■ ASSIGNMENT
In the records below, find the line with "รูปถ่าย ฝรั่งเศส(France) โซเมียร์(Sommieres)" and repeat exactly every line from it through the line with "Weißer Marlin (Tetropterus albidus)". Pictures stay out.
═══ EXTRACTED ENTRIES ═══
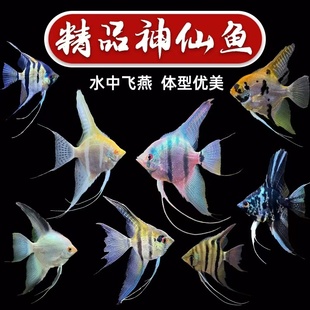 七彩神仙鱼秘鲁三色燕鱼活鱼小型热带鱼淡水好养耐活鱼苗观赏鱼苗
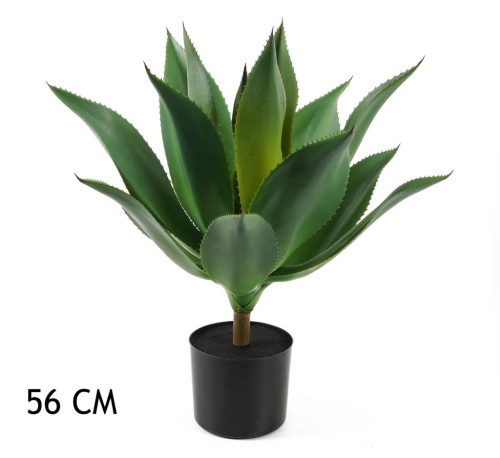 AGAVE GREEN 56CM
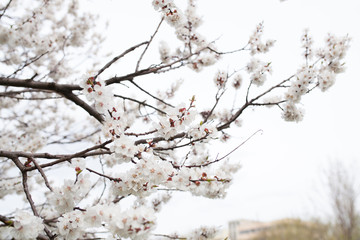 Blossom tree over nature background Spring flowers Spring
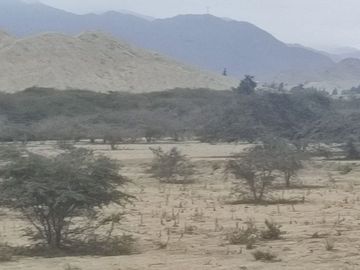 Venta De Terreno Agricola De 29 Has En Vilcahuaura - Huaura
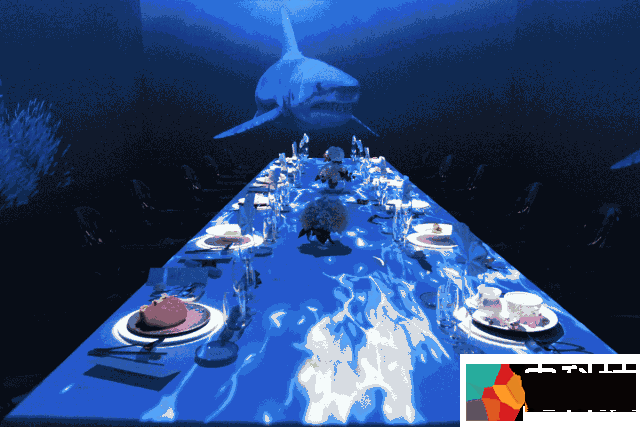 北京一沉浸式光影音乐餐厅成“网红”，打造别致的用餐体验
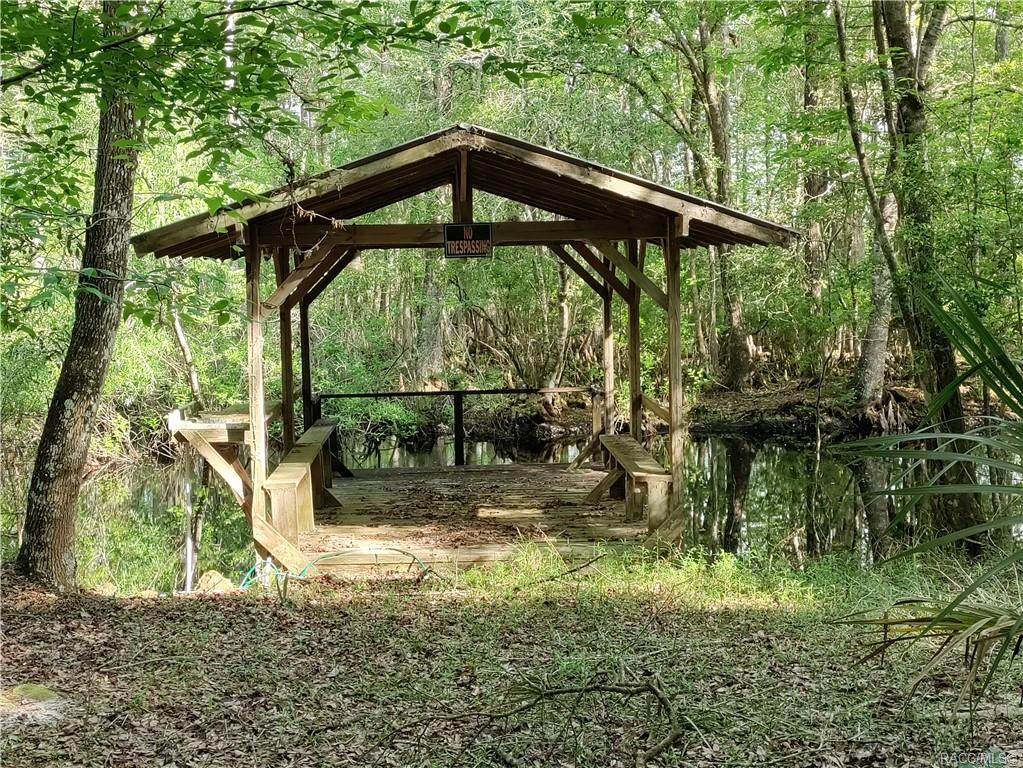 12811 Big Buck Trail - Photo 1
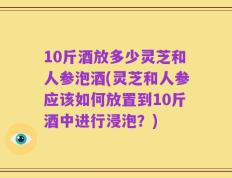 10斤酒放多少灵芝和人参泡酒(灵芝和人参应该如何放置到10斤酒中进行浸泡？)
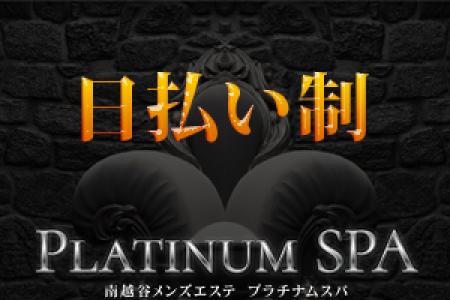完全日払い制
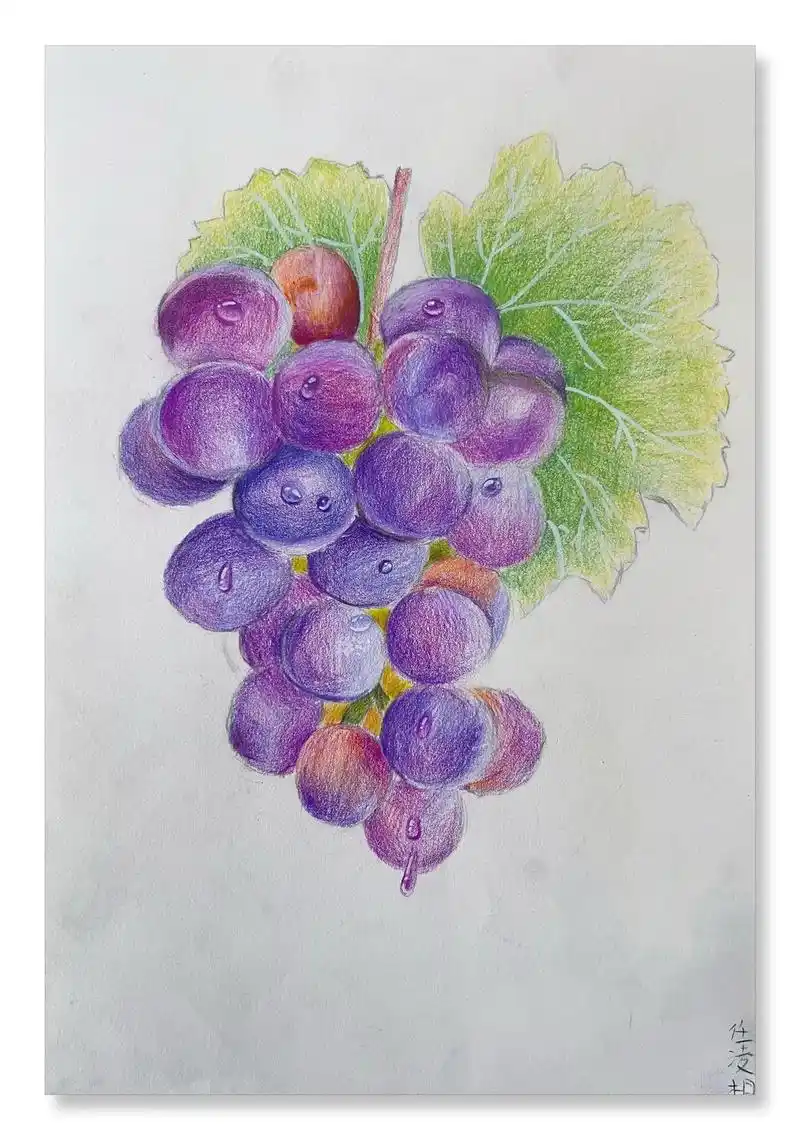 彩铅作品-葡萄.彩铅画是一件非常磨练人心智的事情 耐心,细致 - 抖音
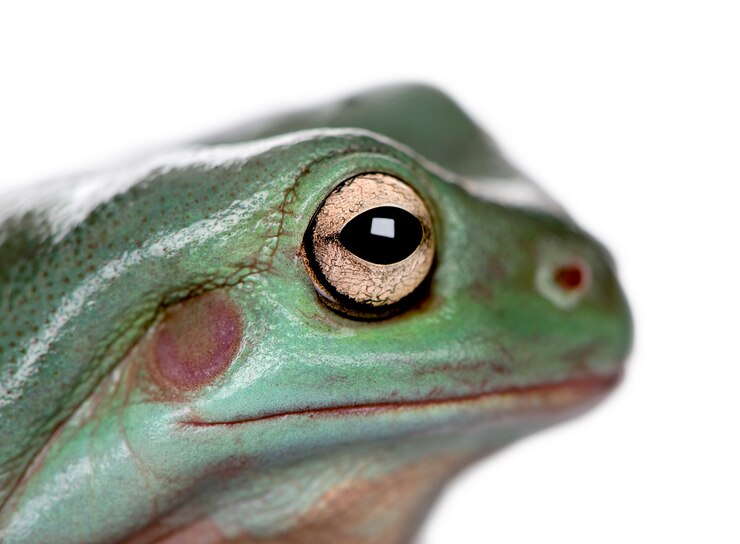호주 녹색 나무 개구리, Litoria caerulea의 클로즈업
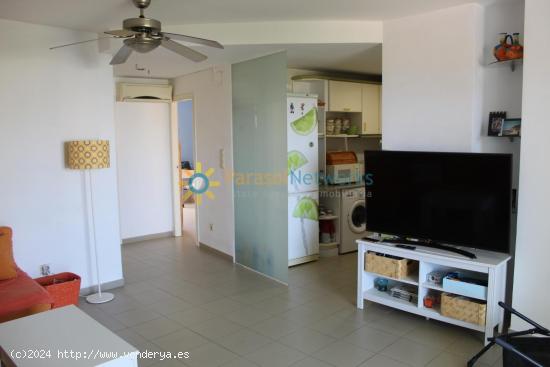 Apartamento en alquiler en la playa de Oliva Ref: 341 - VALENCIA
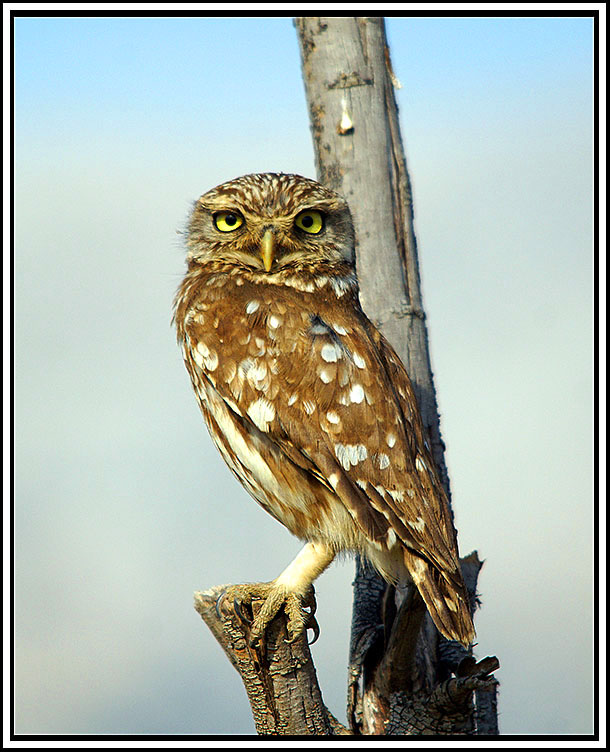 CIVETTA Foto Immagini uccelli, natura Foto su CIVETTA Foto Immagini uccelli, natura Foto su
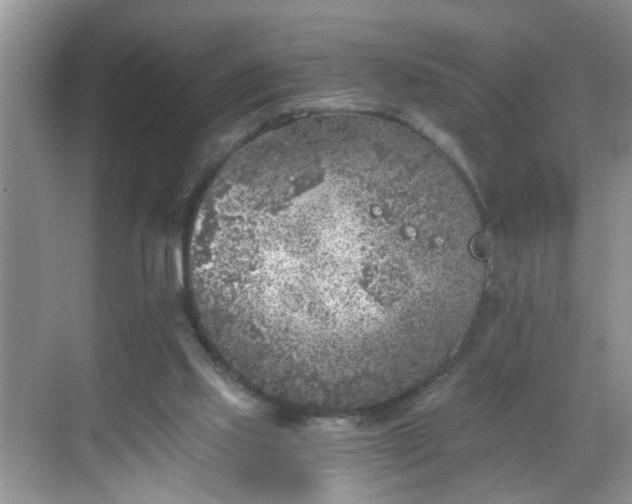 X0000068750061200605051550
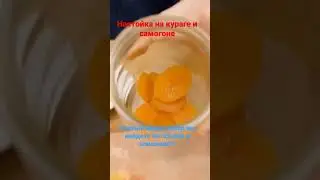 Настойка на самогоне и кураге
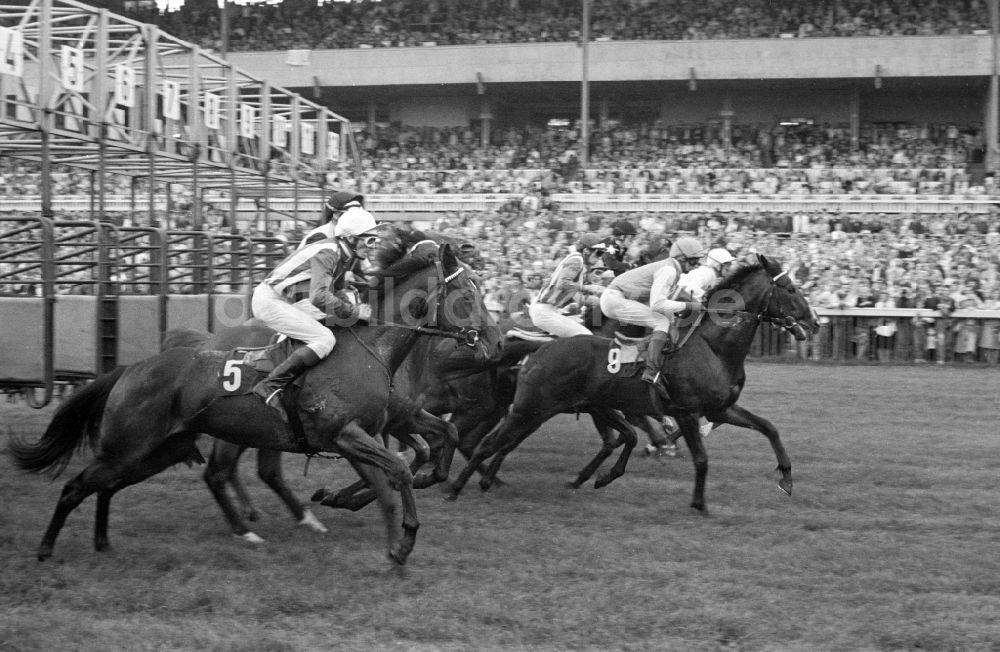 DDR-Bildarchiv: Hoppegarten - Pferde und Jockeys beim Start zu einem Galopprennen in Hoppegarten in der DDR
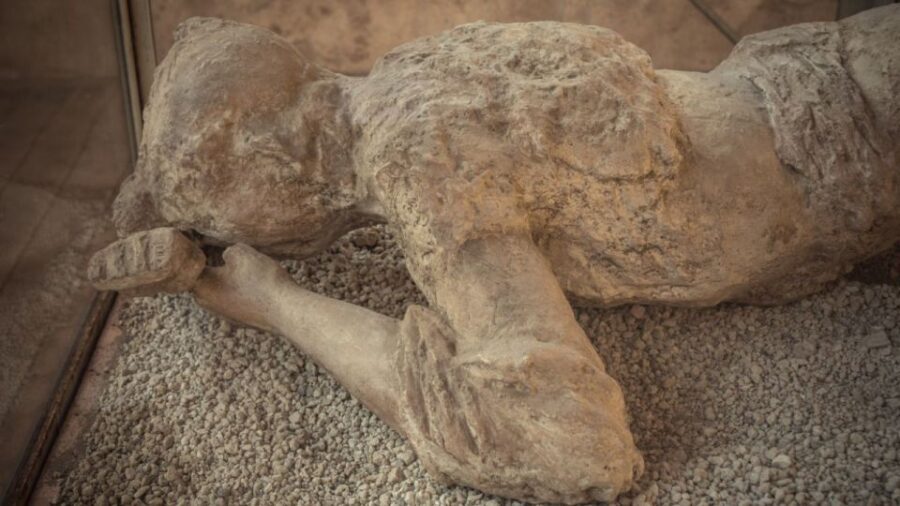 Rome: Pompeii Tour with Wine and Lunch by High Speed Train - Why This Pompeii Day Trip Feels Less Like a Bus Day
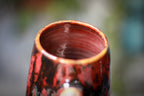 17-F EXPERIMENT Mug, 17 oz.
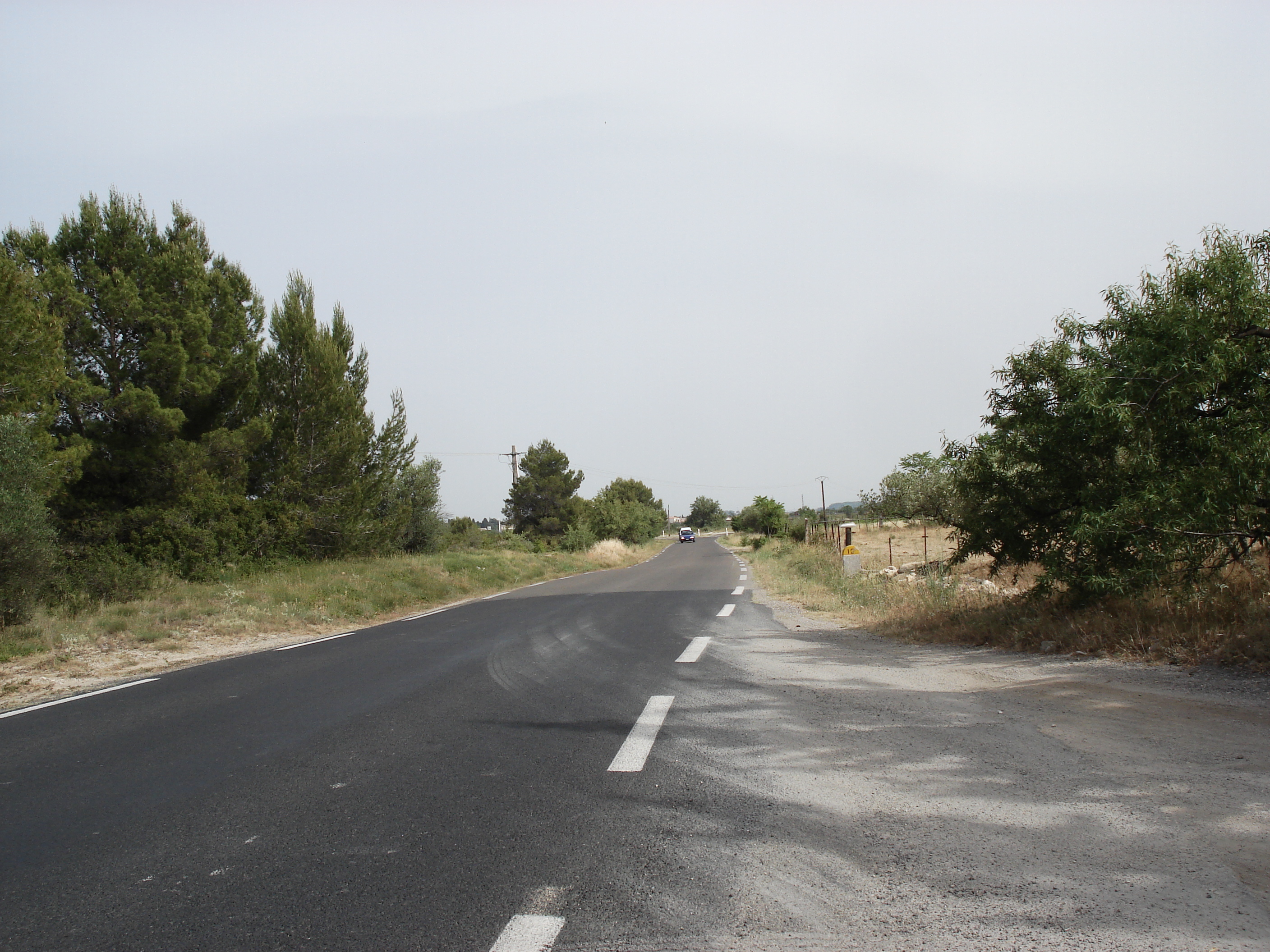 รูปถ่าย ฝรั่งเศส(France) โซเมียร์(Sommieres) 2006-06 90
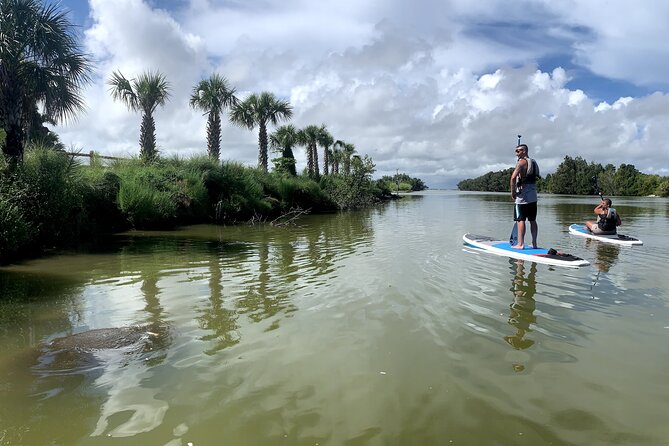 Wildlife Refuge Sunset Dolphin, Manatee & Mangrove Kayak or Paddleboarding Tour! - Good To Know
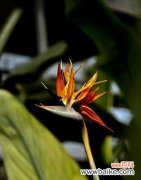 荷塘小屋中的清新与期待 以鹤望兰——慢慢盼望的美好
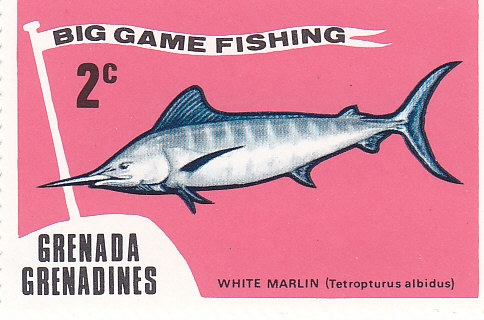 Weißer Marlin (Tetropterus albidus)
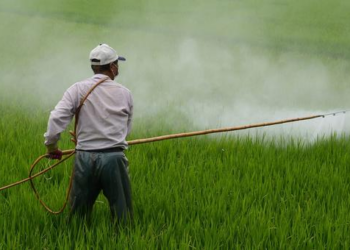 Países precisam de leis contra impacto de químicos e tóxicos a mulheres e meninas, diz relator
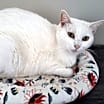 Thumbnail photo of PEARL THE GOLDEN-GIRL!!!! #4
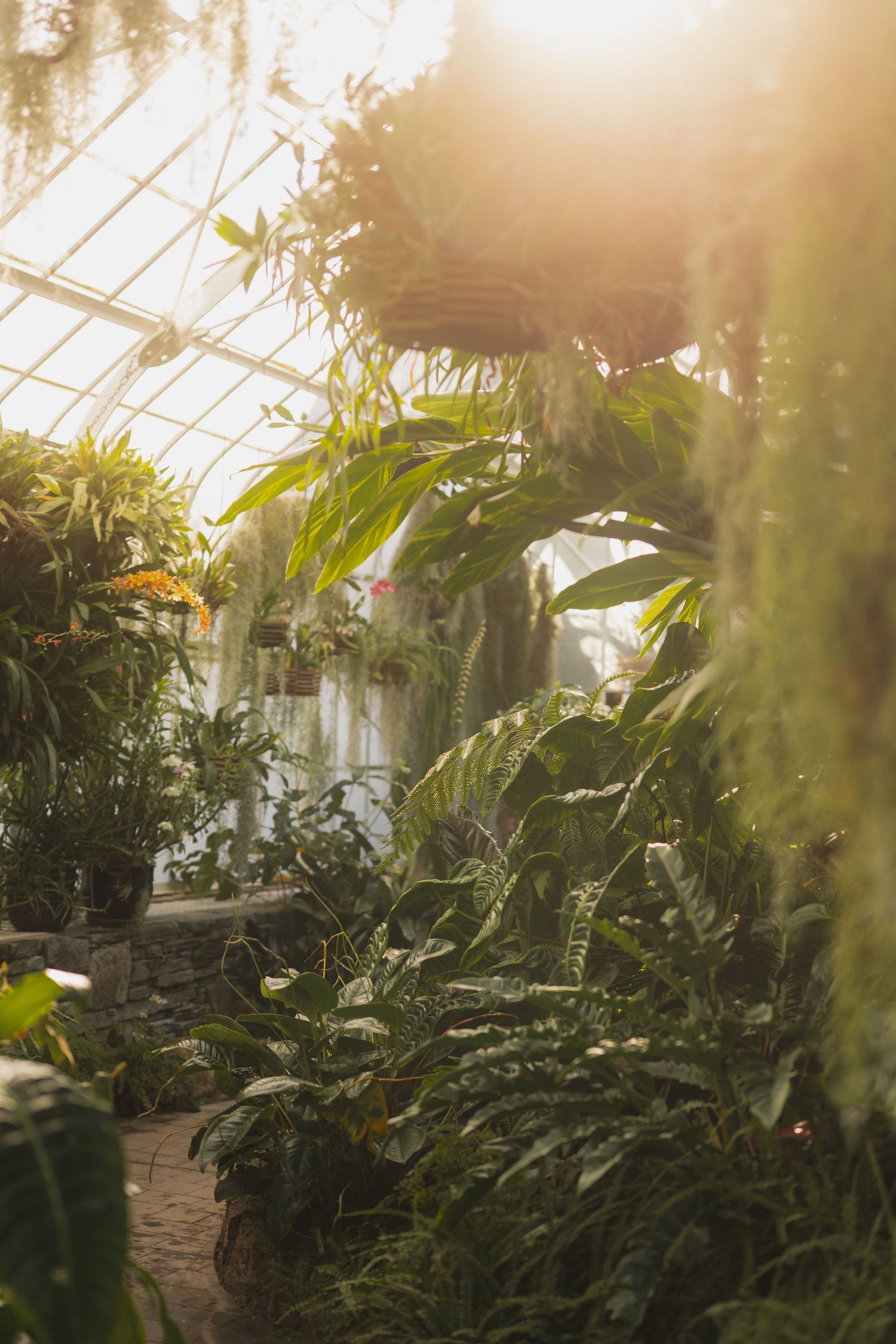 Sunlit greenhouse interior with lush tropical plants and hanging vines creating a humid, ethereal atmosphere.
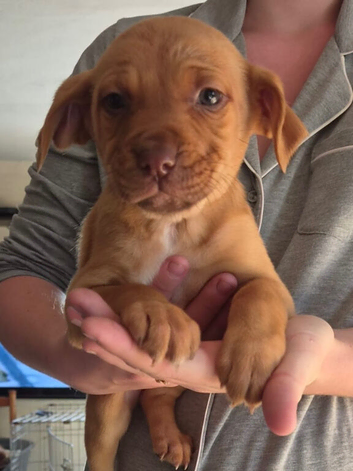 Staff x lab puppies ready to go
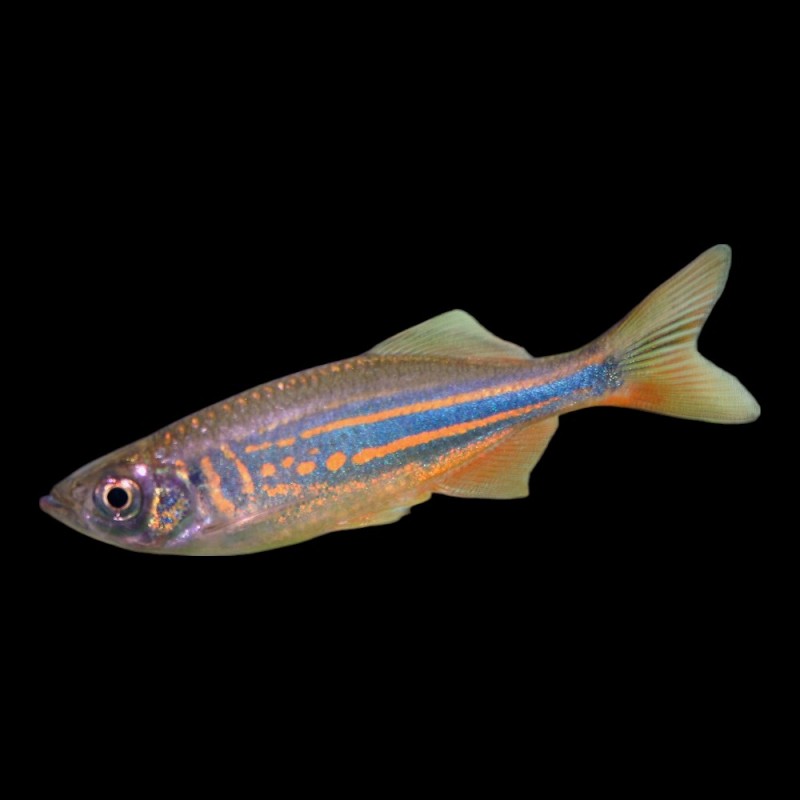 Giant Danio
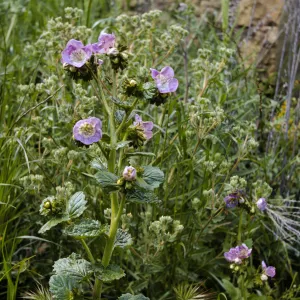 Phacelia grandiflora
═══
■ ANSWER BOX
 รูปถ่าย ฝรั่งเศส(France) โซเมียร์(Sommieres) 2006-06 90
 Wildlife Refuge Sunset Dolphin, Manatee & Mangrove Kayak or Paddleboarding Tour! - Good To Know
 荷塘小屋中的清新与期待 以鹤望兰——慢慢盼望的美好
 Weißer Marlin (Tetropterus albidus)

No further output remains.